The main fears of people in G/Town are rooted in health concerns ‒ the health concerns that are common to the tropics, and arise because of the very disease environments already created by the premeditated neglect of consecutive PPP administrations, prompting one Minister to state that “Georgetown is ready for an epidemic.” I walk the streets of Georgetown, and every street gutter is congested with sediment that ranges from construction waste, rubbish, pavement erosion and human waste, and these are streets which are not inhabited by street vendors. Take a walk from City Hall up High Street to Sussex Street, then double back down Lombard Street. You must also walk along the pavement of Public Buildings right to America Street, and if your stomach isn’t strong along the way you may experience nausea. Drainage is at the pinnacle of what causes us stress; the stench that invades our homes from clogged-up alley drains; the odour on our streets from garbage and human filth. Garbage that is dumped from cars and pick-ups in every open space without consequences. Security guards tell you the stories and have written down the vehicle numbers; the only problem is, that a reward system is not in place, obviously there is a political benefit to be derived from putting the health of citizens at risk.

Most tropical diseases flourish in stagnant water and conditions of fermenting rubbish, for example, malaria, typhoid, cholera, tuberculosis, skin infections and leptospirosis, to cite a few.  Hundreds of drug addicts, people suffering from mental diseases, citizens deported without a social base all wander our streets and occupy public places. Last May I was involved in creating a ‘Kreole Day’ which was held on the historical site of the Parade Ground.

I was astonished when I arrived early to await the arrival of a donated tent, and found the pavilion filled with sleepers. A few I knew, and I gradually courted conversation, well aware of the awkwardness of the situation. For the women rights people these were all men, young men from early twenties to below 55. Their stories were about jobs that couldn’t pay for the spiralling unregulated rentals of town living in a social system without a net for those who fall through, among other problems. There are just too many street walkers, dozens of people sleeping on our paves. The decision-makers should be dragged from their air-conditioned cars to walk any night along Public Road Albouystown-La Penitence to witness the degradation that never was ‒ people sleeping, making love and squabbling on the pave immune to their own odour. This aberration is now common in our helpless population.

I understand the cultural indifference to the atmosphere demanded of a burial ground by those who bury their dead, against those who don’t or are located outside of G/Town. My mother, grandmother, uncles, even a grandchild are buried at Le Repentir. The overgrowth is tremendous, the cultural creed of keeping graves clean or even locating them is now not possible.

I on the other hand, like others, am infuriated.
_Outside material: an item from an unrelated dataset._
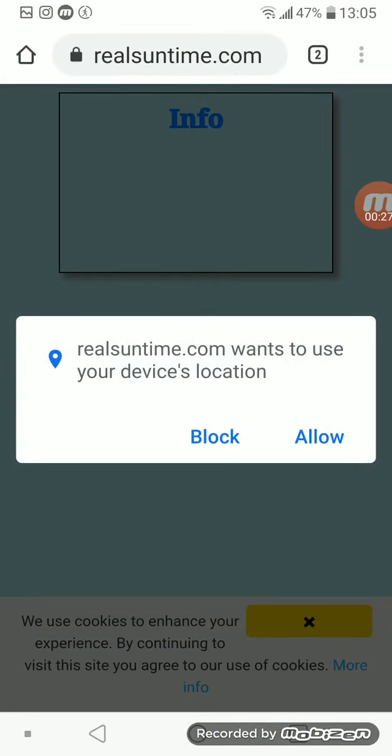When you have clicked the link and opened the site, you get this notification: realsuntime.com wants to use your device location.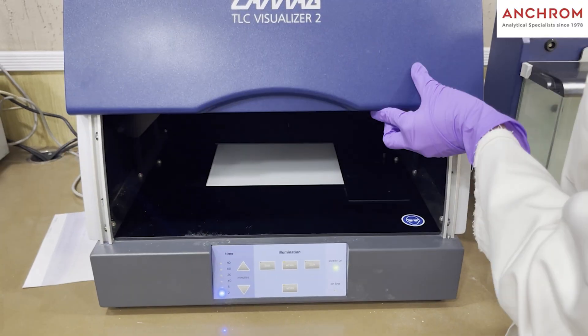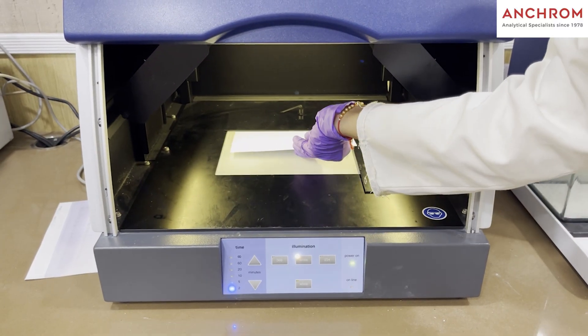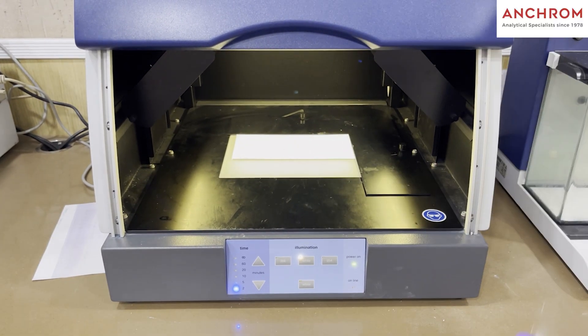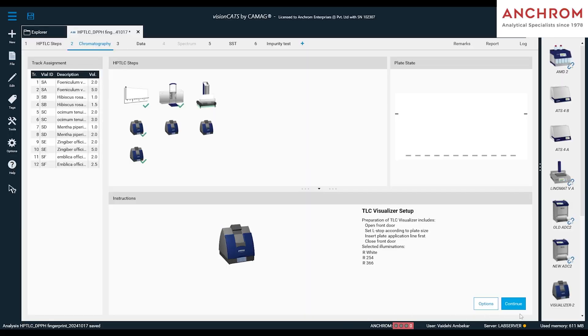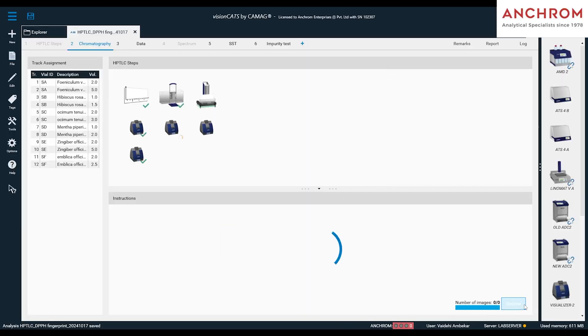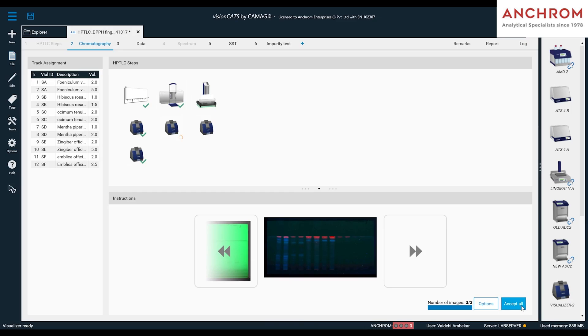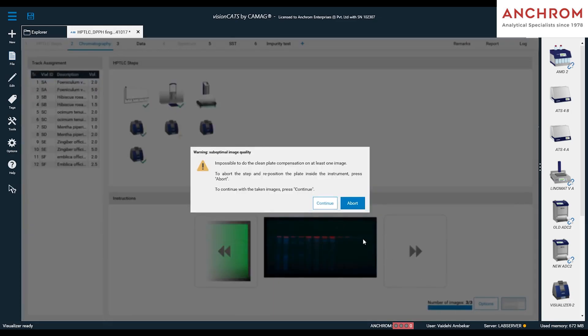Now, we will place the plate in the Visualizer 2 as shown. Then, click on continue to capture the images. Once done, click on accept.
The precedents are there to deal with the addicts and the destitute; every level of deterioration visible in Georgetown was not there before, so we are as much irritated by the PPP’s Carol Sooba at City Hall and her cluelessness about the above concerns as we are aware of the administration’s spitefulness, insensitivity and disdain for the accepted values and principles of social laws.

The crowning concern lies in the fact that after the man-made 2005 floods under the dysfunctional Jagdeo administration, one would have thought that some resolution would have prompted a relationship with the seventies Burnham idea to bridge the coast through a highway not bordered by a river to the Linden Highway, which would encourage a new practical housing drive. This highway would be an effective escape from any threat from the sea, recognizing that the coastal belt is currently trapped in the event of any such threat. Instead what we have is housing developers, some with ‘funny’ money locating citizens on sugar lands that might not be ready for human habitation.

On this same note I would definitely urge the APNU-joint opposition to explore and investigate the cold case killing of Ms Alicia Foster of the then Environmental Protection Agency.

In closing, it is time for Georgetown to be handed back to its citizens whose health remains endangered, and the formation of citizens’ committee systems responsible to parliament instead of a politically deceptive local government minister. The first task would be to examine the medical condition of the citizens of Lodge and neighbouring areas for possible contamination from pathogens emerging from the ill-advised dumpsite at Le Repentir.